I have a simple inequality that looks like:
$$|x+1|\leq|2x+3|$$
I am trying to solve for this by squaring both sides and finding my x values, how come I can't do this? The rule is that if the inequality holds true for all values of x I can square it, but when I solve for my x values this isn't the correct answer. Is this a valid way to solve this type of inequality?
The answer should be $x\leq-2$ or $x \geq -4/3$ but squaring both sides won't give this result.
On
Why not? $(|x+1|)^2\le (|2x+3|)^2$, $(x+1)^2\le (2x+3)^2$, $(x+1)^2-(2x+3)^2\le 0$ $$(x+1)^2-(2x+3)^2=(x+1-2x-3)(x+1+2x+3)=(-x-2)(3x+4) \le 0$$ $$x\le-2, x\ge -4/3$$
On
$|a|^2 = a^2$ and $|a| \ge 0$ so of course you can square both sides.

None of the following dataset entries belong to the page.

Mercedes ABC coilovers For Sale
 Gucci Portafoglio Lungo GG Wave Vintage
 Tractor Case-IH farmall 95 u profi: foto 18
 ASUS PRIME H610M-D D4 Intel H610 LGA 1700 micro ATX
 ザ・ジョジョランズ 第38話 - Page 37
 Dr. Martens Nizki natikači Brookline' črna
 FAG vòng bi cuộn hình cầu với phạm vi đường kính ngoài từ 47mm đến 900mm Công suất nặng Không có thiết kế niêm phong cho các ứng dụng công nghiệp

What you can't do is if $x < y$ you can't say that $x^2 < y^2$ because you do not know if $x$ or $y$ are positive or not. If $x < y < 0$ then $x^2 > y^2$. And if $x < 0 <y$ then maybe $x^2 > y^2$ (if $|x| > |y|$ or $x^2 < y^2$ (if $|x| < |y|)$ or $x^2 = y^2$ (if $|x| = |y|$).
$0 \le |x+1| \le |2x + 3|$ so
so yes, $|x+1|^2 = (x+1)^2 \le |2x + 3|^2 = (2x + 3)^2$.
But that might or might not make things easier.
$x^2 + 2x + 1 \le 4x^2 + 12x + 9$
$0 \le 3x^2 + 10x + 8$
To solve, $3x^2 + 10x + 8 =0\implies x = \frac {-10 \pm {100-4*8*3}}6 = \frac {-5\pm\sqrt{25-24}}3 = \frac {-5\pm 1}3 = -2, -\frac 43$
So $(3x^2 -10x + 8) = 3(x+2)(x+\frac 43)$ and
$0 \le (x+2)(x+\frac 43)$.
So either $x + 2 \ge 0$ and $x+\frac 43 \ge 0$ so $x \ge -2$ and $x\ge -\frac 43$, which is redundant so $x \ge - \frac 43$.
Or $x + 2\le 0$ and $x + \frac 43 \le 0$ so $x \le -2$ and $x \le -\frac 43$ so $x \le -2$.
Which is the result you wanted.
$a \leq b \Longrightarrow a.c < b.d$ for any $0< c < d$, then $|a| \leq |b| \Longrightarrow |a||a| \leq |b||b|$
So, $|x+1|^2 = (x + 1)^2$ and $|2x + 3|^2 = (2x + 3)^2$. Therefore
$$x^2 + 2x + 1 \leq 4x^2 + 12x + 9 \Longrightarrow 0 \leq 3x^2 + 10x + 8$$
Find the roots. Since $3>0$, if $r_{1}, r_{2}$ are roots, for all $x \in \mathbb{R}\setminus (r_{1}, r_{2})$, $x$ is a solution.